# Crosby 10-16-10



## meangreen360 (May 3, 2009)

Got a few of us headed out for a ride. Anyone going we can meet up and ride.


----------



## gpinjason (Nov 10, 2009)

What time ya'll gonna be out there? I might try if I don't have to work...


----------



## meangreen360 (May 3, 2009)

Around noon for me.


----------



## filthyredneck (Feb 10, 2010)

Probably before noon for me.... and ride all day/night

LMAO! Shawn what'd I tell you?.... bet ya gpinjason will go.

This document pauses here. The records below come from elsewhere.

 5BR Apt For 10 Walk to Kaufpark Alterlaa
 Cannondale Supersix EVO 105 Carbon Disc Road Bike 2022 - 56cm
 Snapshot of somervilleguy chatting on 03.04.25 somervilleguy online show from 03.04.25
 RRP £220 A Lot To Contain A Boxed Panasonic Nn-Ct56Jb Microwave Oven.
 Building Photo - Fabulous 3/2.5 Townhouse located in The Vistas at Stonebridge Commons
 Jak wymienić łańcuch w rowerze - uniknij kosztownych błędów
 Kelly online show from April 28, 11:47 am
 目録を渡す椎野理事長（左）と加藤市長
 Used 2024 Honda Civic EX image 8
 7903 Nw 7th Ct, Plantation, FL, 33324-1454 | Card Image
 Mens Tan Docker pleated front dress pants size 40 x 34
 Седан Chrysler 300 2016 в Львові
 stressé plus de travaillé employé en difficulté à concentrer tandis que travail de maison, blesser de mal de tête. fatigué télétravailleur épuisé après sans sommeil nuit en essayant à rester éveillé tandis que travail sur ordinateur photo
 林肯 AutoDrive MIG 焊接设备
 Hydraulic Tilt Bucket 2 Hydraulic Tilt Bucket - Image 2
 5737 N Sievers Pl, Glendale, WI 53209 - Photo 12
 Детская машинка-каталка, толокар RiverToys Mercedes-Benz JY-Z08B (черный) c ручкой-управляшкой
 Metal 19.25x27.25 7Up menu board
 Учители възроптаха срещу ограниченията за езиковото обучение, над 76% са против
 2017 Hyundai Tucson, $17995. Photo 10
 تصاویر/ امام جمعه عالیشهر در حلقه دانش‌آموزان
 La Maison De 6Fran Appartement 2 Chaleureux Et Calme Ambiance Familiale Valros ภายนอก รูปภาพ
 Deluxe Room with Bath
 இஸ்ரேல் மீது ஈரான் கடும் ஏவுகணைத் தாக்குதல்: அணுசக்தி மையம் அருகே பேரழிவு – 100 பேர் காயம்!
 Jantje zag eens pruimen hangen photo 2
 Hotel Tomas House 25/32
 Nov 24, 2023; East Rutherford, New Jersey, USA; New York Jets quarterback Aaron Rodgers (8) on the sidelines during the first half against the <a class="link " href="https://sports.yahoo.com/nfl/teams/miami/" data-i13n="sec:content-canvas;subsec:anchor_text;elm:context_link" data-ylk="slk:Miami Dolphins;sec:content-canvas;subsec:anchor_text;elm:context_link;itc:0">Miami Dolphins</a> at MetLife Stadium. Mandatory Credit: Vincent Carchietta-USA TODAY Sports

deadman inc said last weekend that he'd be there this weekend, but I cant say for sure


----------



## gpinjason (Nov 10, 2009)

filthyredneck said:


> Probably before noon for me.... and ride all day/night
> 
> LMAO! Shawn what'd I tell you?.... bet ya gpinjason will go.
> 
> deadman inc said last weekend that he'd be there this weekend, but I cant say for sure


Man hopefully I don't have to work! We already got my father-in-law willing to watch the little guy so my wife can come too.. she hasn't been able to go since like March, and she was a few months pregnant, so she just took it easy and watched us have all the good fun... I'll know sometime today if I have to work or not...


----------



## gpinjason (Nov 10, 2009)

Well, as of right now, I'm still clear to go.. won't be able to make it out there till around 1 though.. holler at me when ya'll get there... (832) - 465- thirty three 4 two... if ya'll see me out there hollar at me... I might be wearing my green hat... look for these bikes... or this hat...


----------



## fstang24 (Jan 9, 2010)

might be up there but i dont mud much or water ride, so i will be spectating


----------